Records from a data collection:
■ ■ ■

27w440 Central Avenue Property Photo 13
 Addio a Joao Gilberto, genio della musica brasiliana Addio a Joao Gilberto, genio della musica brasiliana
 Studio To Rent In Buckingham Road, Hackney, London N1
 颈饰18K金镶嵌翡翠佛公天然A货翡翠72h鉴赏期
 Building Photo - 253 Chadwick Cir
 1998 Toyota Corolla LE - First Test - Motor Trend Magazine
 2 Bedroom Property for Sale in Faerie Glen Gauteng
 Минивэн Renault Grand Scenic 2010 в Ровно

■ ■ ■

Work order: Repeat exactly the lines above, starting with the line that contains "Building Photo - 253 Chadwick Cir" and ending with the last line, both included, and nothing else.

Output below:
 Building Photo - 253 Chadwick Cir
 1998 Toyota Corolla LE - First Test - Motor Trend Magazine
 2 Bedroom Property for Sale in Faerie Glen Gauteng
 Минивэн Renault Grand Scenic 2010 в Ровно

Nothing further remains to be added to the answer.